Are lobsters funny? To a lobster comedian such as myself, the question itself seems like a joke. While we can all agree that man dominates the field of comedy, it can no longer be argued that lobsters are, by nature, not hilarious. But what can we do to get more lobsters out of their shells and into comedy?
Today marks the nationwide release of the all-lobster stoner comedy, Potheads. The amount of lobsters in this movie is unprecedented.
However, the fact that the movie was written by two lobsters and stars even more lobsters should not be what people are talking about. We should be talking about whether the movie is funny: and it is. I laughed so hard I had to pinch myself and ask myself if this was real. And it was! And then I pinched the guy sitting next to me! Because I'm a lobster!
Gone are the days when a lobster must rely solely on jokes about how delicious they are, or how often they get drunk and almost let man cook them. Now, a lobster can get up onstage, star in a TV show or even write a hysterical, raunchy drug comedy like Potheads without having to rely solely on jokes about how delicious or un-delicious they are. (Seems like it's always one or the other!) The tides are turning, no pun intended. (Okay, maybe a little one.)
Still, the facts can't be argued with. The ratio of creatures who go into comedy is 10:1, man to lobster. Which means the talent pool (mind if I go for a dip?) is smaller. Many comedians, both man and lobster, believe that some lobsters are hired simply because they are lobsters.
Geez, fellow jokesters. Thanks for buttering me up! (Just kidding. I wouldn't thank you for buttering me up; ask my therapist.)
So, do I get hired for comedy jobs because of the number of chromosomes that define my eye stalks? Who cares? I don't have sand in my twat about it. (Probably because I don't have one. ...Or do I?!) I'm just happy to be a working comedian. I don't see myself as a lobster.
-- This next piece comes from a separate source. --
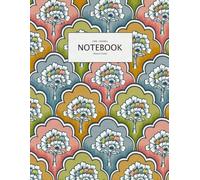 Oak Tree Notebook - Bold Print design - Pink Blue Orange Green - Paperback notebook - A4 - Lined Ruled 8mm - 8.5 x 11 inches: Beautiful A4 Notebook ... Pages, Matt Finish with bright clear colors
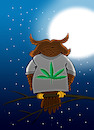 Cartoon: Woodstock Owl... (small) by berk-olgun tagged woodstock,owl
I see myself as a comedian. Even though I keep saying I'm a lobster.
The point is this: When I walk into a writers' room and see I'm the only lobster, I'm not surprised. I don't get snappy. (I mean, I do, but not like that.) I know I can handle myself. I'm not going to let myself get cooked just because I'm a lobster. I know a lot of lobster comedians feel pressured to let man cook them, which is how some of our funniest lobsters have ended up dead. I just walk in there and make a joke, because that's what I do. I say something like, "Who wants to go to Red Lobster and get some biscuits! Yeah, I'm a lobster! Get over it! I know I have!"
Though the controversial 2007 Vanity Fair article "Why Lobsters Aren't Funny" (by Christian Litchens) was later put in its place by the 2010 Vanity Fair article "Who Says Lobsters Aren't Funny?" (by some woman), here we are, still discussing the issue. This discussion has lasted longer than my home--the ocean! This whole thing would make me a little crabby... if I wasn't already a lobster.
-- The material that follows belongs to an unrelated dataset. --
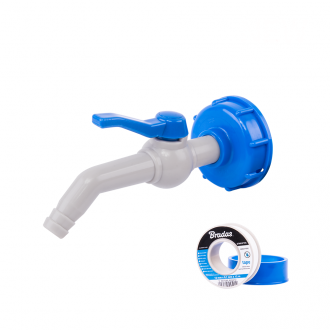 Zestaw-Kran PP45' z przył. IBC60x6 DN13-19 z taśmą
Litchens argued that biologically, lobsters don't have a vertebrae, which, according to a University of Michigan study, is the predominant place in the body where jokes are formed. You know what I say? I say, "Mr. Litchens, you're the one who's spineless! I'm the one who gets heckled by creatures between five and six feet taller than me! Seriously, everyone looks like a terrifying monster!"
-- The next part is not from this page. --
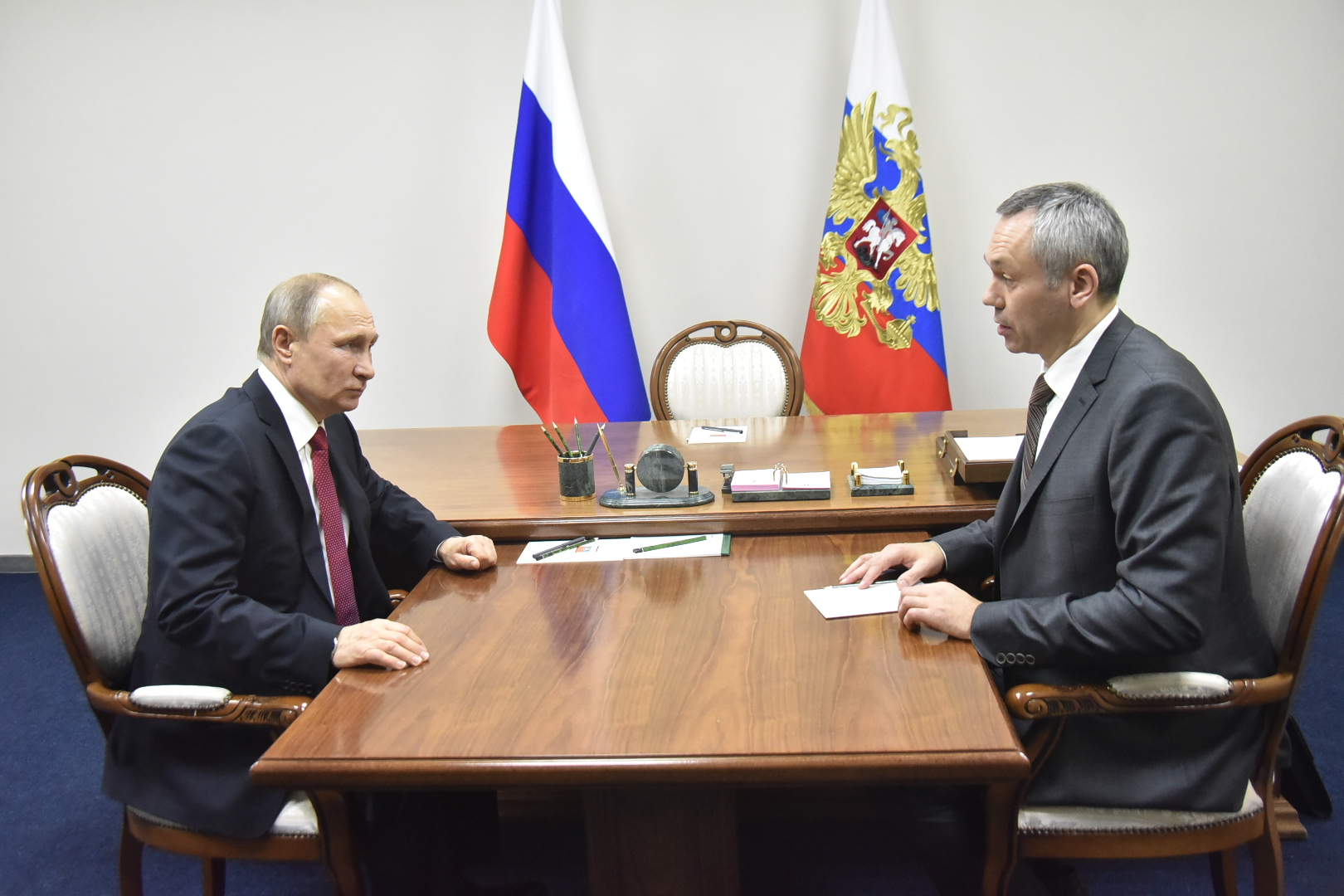 Президент России Владимир Путин поддержал строительство крупных социально значимых объектов Новосибирской области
Clearly, if spines were where jokes came from, I wouldn't have gotten as many (mostly unpaid) gigs as I have.
But seriously, done bragging. Sorry. It was for a point though, right? Bah! Get the sand out of your twats! I can't! I don't have one! Callback!
So, I will leave you, the Internet, my dearest/only friend with this: If you're a lobster and you know you're funny, get out there and tell your best joke! It doesn't have to be about the beach, but, hey, if it is, go for it! The idea that lobsters aren't funny is as crusty as I am.